End-to-End PET Image Reconstruction via a Posterior-Mean Diffusion Model
Yiran Sun, Osama Mawlawi
TL;DR
This work tackles the PET sinogram-to-PET reconstruction problem, where regression DL methods often blur details while posterior sampling methods risk artifacts. It introduces Posterior-Mean Denoising Diffusion Model (PMDM-PET), a two-stage approach that first learns an MMSE posterior-mean PET image from sinograms and then uses a conditional diffusion model to optimally transport that mean toward the ground-truth distribution under a perception constraint, grounded in the perception-distortion theory $D(0) = D^* + \min_{p_{\hat{\boldsymbol{x}}_0,\boldsymbol{x}_0^*}} \sum_t \mathrm{KL}(q(\hat{\boldsymbol{r}}_t|\hat{\boldsymbol{r}}_0,\boldsymbol{r}_0^*) \| p_\theta(\hat{\boldsymbol{r}}_t|\hat{\boldsymbol{r}}_{t+1},\boldsymbol{r}_0^*))$. The authors implement an MSE-trained $\boldsymbol{r}_0^*$ estimator (DeepPET) and a diffusion reverse process conditioned on $\boldsymbol{r}_0^*$, training with a denoising loss and evaluating on simulated BrainWeb data. They demonstrate that PMDM-PET yields higher PSNR and perceptual quality than five SOTA baselines, indicating a favorable distortion-perception tradeoff and potential clinical impact after further validation. Overall, the method advances PET reconstruction by jointly optimizing distortion and perceptual realism through a theoretically grounded, two-stage diffusion framework.
Abstract
Positron Emission Tomography (PET) is a functional imaging modality that enables the visualization of biochemical and physiological processes across various tissues.
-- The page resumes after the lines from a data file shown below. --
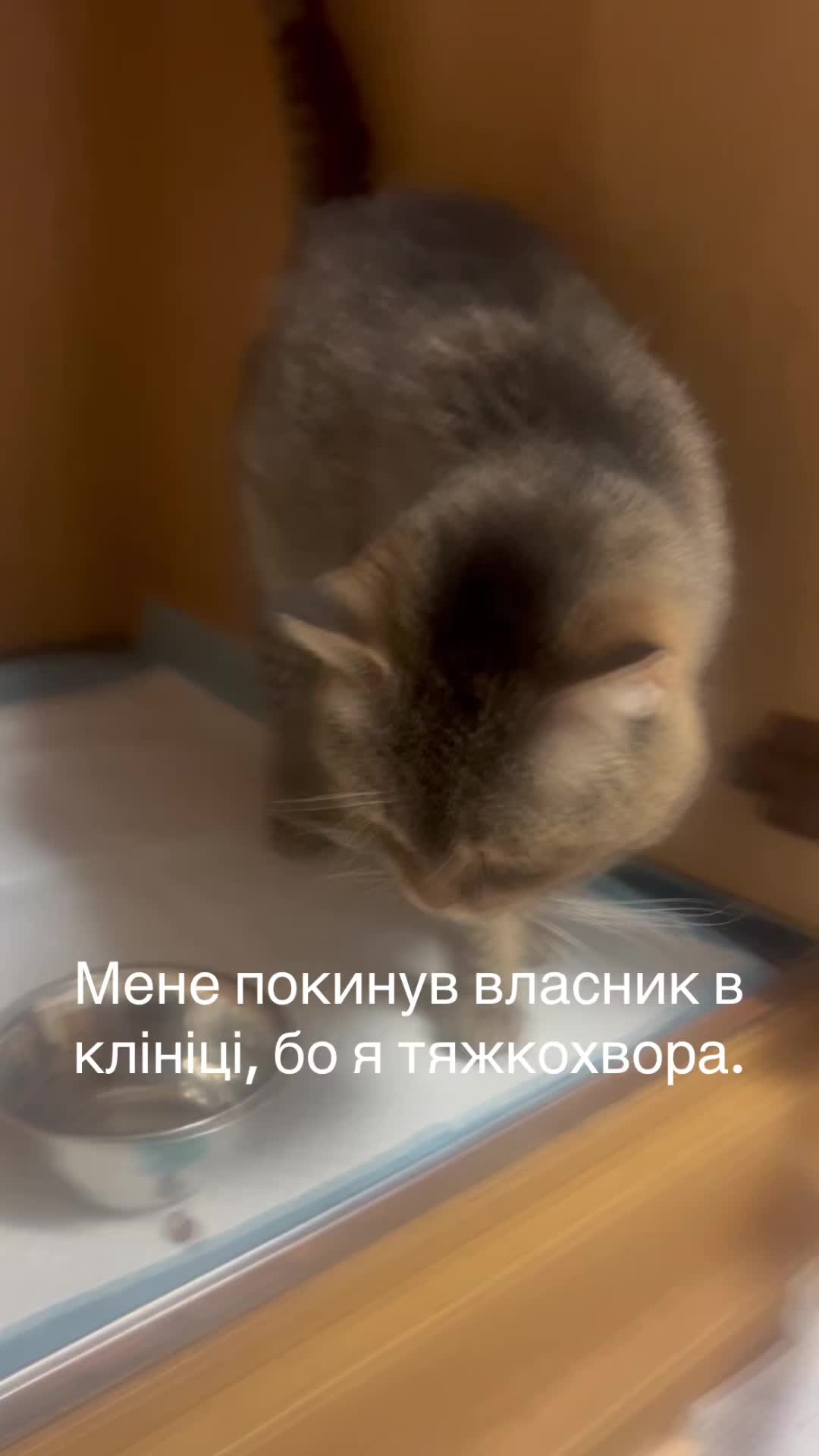 @Алиса
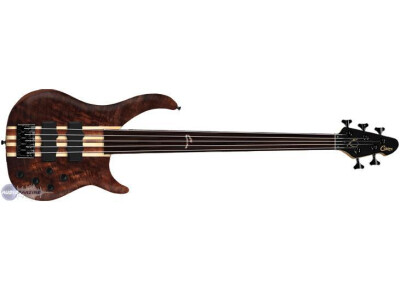 Peavey Cirrus 5 Fretless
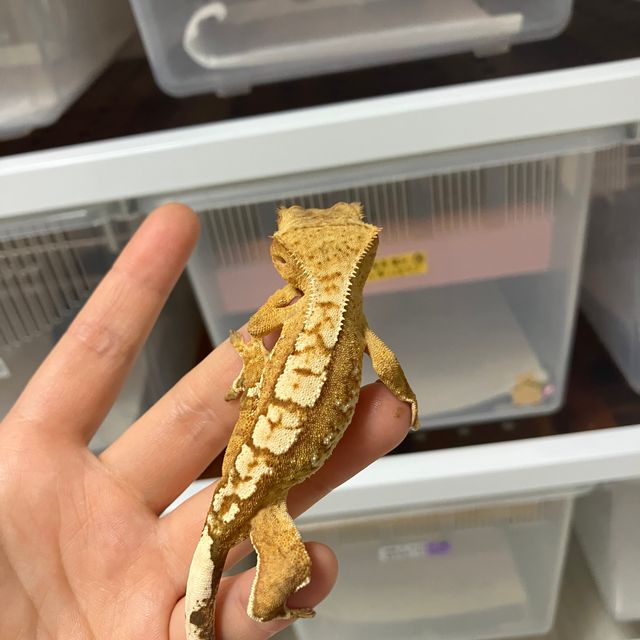 크림시클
Recently, deep learning (DL)-based methods have demonstrated significant progress in directly mapping sinograms to PET images. However, regression-based DL models often yield overly smoothed reconstructions lacking of details (i.e., low distortion, low perceptual quality), whereas GAN-based and likelihood-based posterior sampling models tend to introduce undesirable artifacts in predictions (i.e., high distortion, high perceptual quality), limiting their clinical applicability. To achieve a robust perception-distortion tradeoff, we propose Posterior-Mean Denoising Diffusion Model (PMDM-PET), a novel approach that builds upon a recently established mathematical theory to explore the closed-form expression of perception-distortion function in diffusion model space for PET image reconstruction from sinograms. Specifically, PMDM-PET first obtained posterior-mean PET predictions under minimum mean square error (MSE), then optimally transports the distribution of them to the ground-truth PET images distribution. Experimental results demonstrate that PMDM-PET not only generates realistic PET images with possible minimum distortion and optimal perceptual quality but also outperforms five recent state-of-the-art (SOTA) DL baselines in both qualitative visual inspection and quantitative pixel-wise metrics PSNR (dB)/SSIM/NRMSE.